Mayo Clinic and University of Chicago Medicine Expand Pathways

Mayo Clinic developed its hospital-at-home model in partnership with Kaiser Permanente. Today, 21 health systems deploy that model, including both academic institutions and regional hospitals. Mayo’s oncology department has also used the home setting to run a distributed clinical trial, recruiting patients from both an academic institution and a community hospital simultaneously. As COO Maneesh Goyal noted, the team stood up the new care model in three to four months — a timeline that would have taken years under traditional approaches.

Meanwhile, at the University of Chicago Medicine, leaders are working closely with commercial payers to expand insurance coverage and broaden patient eligibility. Their goal is to cement hospital-at-home as the foundation of a broader care-at-home ecosystem.

Staffing Models Evolve for Sustainability

Health Systems Rethink Workforce for Home-Based Care

As volumes grow, staffing models must keep pace. Many programs initially relied on in-person care teams visiting patients at home. However, leading health systems are now shifting toward hybrid or virtual-first approaches that reduce costs without sacrificing care quality.

ChristianaCare in Delaware, for example, built a 24/7 command center that functions as the backbone of its home care delivery.
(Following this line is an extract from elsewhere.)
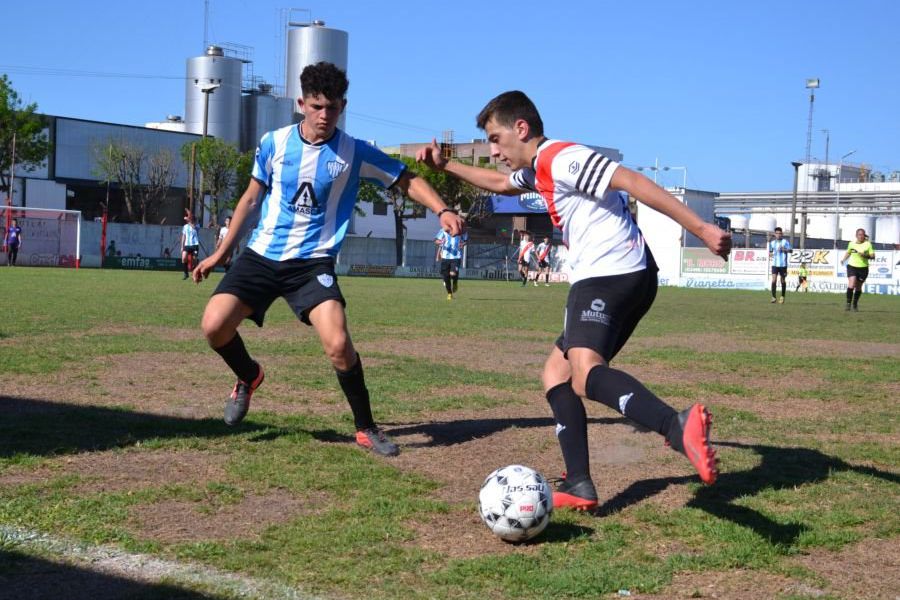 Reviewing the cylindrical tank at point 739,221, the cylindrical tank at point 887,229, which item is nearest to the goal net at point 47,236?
the cylindrical tank at point 739,221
The system also created a dedicated nursing role to guide patients into the program and co-developed a logistics platform for daily scheduling. “This role has proven essential for the ongoing growth of our program, because it’s such a new concept for patients and even many physicians,” said Dr. Sarah Schenck, executive director for ChristianaCare’s Center for Virtual Health.
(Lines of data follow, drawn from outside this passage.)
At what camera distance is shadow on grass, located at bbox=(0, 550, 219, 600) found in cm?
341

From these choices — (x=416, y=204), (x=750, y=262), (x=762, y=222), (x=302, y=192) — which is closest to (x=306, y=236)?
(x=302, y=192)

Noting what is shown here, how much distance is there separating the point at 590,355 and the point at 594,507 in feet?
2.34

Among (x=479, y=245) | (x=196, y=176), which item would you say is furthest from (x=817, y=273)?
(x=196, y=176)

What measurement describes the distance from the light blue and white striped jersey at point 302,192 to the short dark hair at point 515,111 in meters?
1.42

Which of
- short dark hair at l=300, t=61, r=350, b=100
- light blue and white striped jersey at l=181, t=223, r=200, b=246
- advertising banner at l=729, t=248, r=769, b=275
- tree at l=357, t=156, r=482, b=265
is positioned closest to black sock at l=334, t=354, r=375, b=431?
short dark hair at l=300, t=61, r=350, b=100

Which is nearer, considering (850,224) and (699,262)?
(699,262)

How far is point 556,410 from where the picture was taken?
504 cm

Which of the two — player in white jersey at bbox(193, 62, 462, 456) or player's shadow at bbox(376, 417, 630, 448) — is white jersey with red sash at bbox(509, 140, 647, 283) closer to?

Analytics and Embedded Providers Drive Referrals

At Highmark Health, backend analytics flag appropriate patients for home care, while a dedicated staff member explains the program to each patient — an approach that has meaningfully improved acceptance rates. Allegheny Health Network found that embedding advanced practice providers inside hospitals and conducting direct outreach to emergency department staff and hospitalists was critical for generating referrals. “The hospitalists — the quarterbacks of inpatient care — were a key audience,” noted Dr. Vicenta Gaspar-Yoo.

Reimbursement, Payers, and the Road Ahead

CMS Waiver Extension Opens Strategic Planning Window

The CMS Acute Hospital Care at Home waiver has been a critical enabler of the hospital-at-home model since its launch in 2020. Its extension has shifted conversations at many health systems from contingency planning to long-term growth strategy. At Mass General Brigham, plans for 2026 include expanding clinical pathways in oncology and postoperative care, exploring behavioral health services, and piloting machine-learning tools to identify eligible patients earlier.
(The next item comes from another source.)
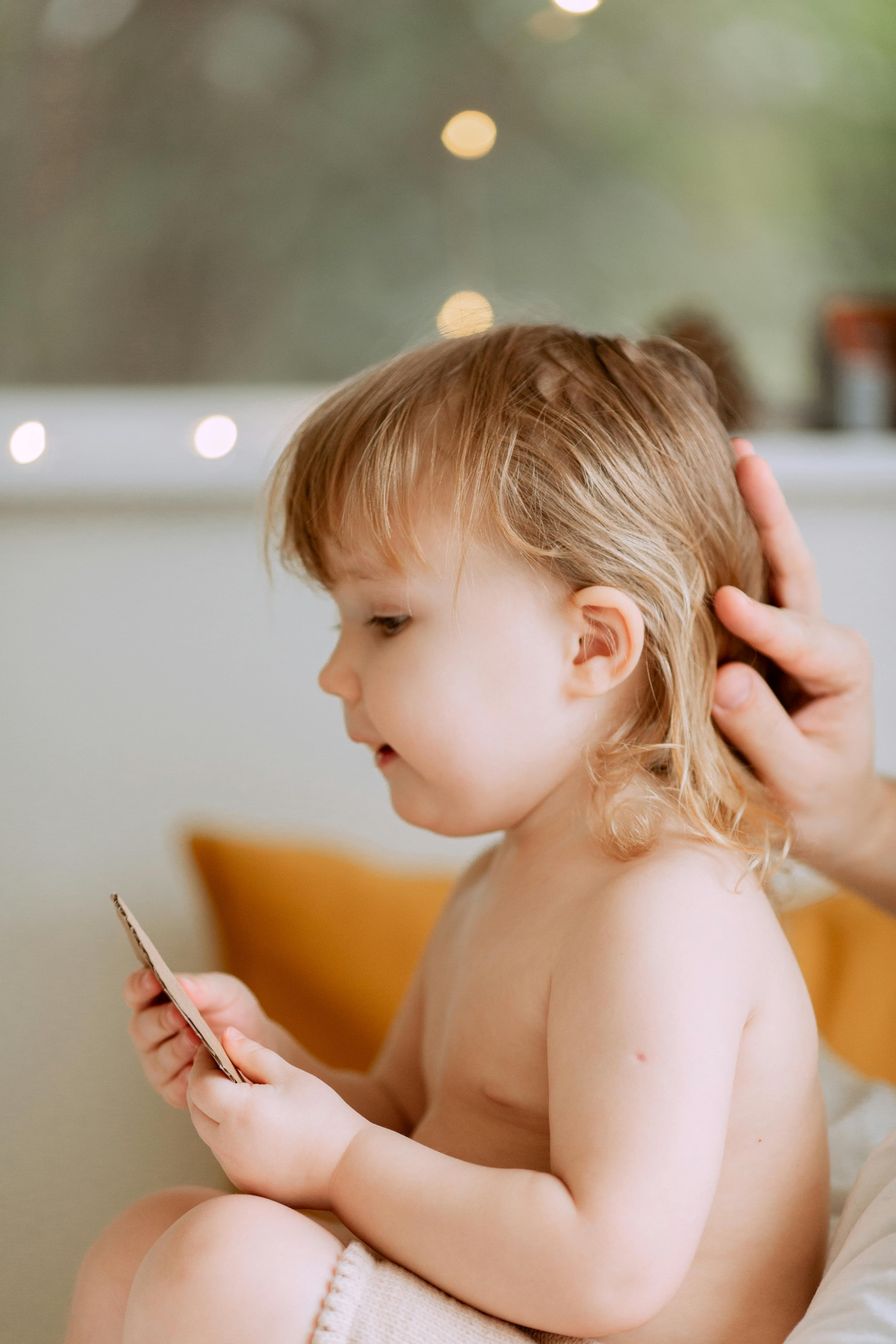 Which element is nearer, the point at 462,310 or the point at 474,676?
the point at 474,676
Daniel Metzger-Traber, vice president of strategic business operations for Healthcare at Home at Mass General Brigham, sees a second wave of innovation approaching. “When the first waiver launched, there was an explosion of innovation,” he said. “I believe we’re entering another phase of that innovation cycle.”

Commercial Payer Partnerships Are the Next Frontier

For hospital-at-home to reach its full potential, experts agree that commercial payer collaboration is essential. The model already delivers measurable value — reduced readmissions, lower post-acute utilization, and a total cost of care roughly one-third lower than traditional inpatient treatment. Accordingly, health systems are actively working with payers to expand coverage beyond Medicare and Medicare Advantage into broader commercial insurance plans.

Key Takeaways

Hospital-at-home has entered a decisive expansion phase. Clinical evidence supports the model. Patients prefer it. Technology — especially ambient AI documentation — is making it more efficient for clinicians to deliver care outside hospital walls. Furthermore, health systems that invested early in strong infrastructure are now positioned to grow profitably and sustainably. The next wave of innovation will focus on broader patient eligibility, smarter payer partnerships, and deeper technology integration. For health systems ready to move, the opportunity is significant.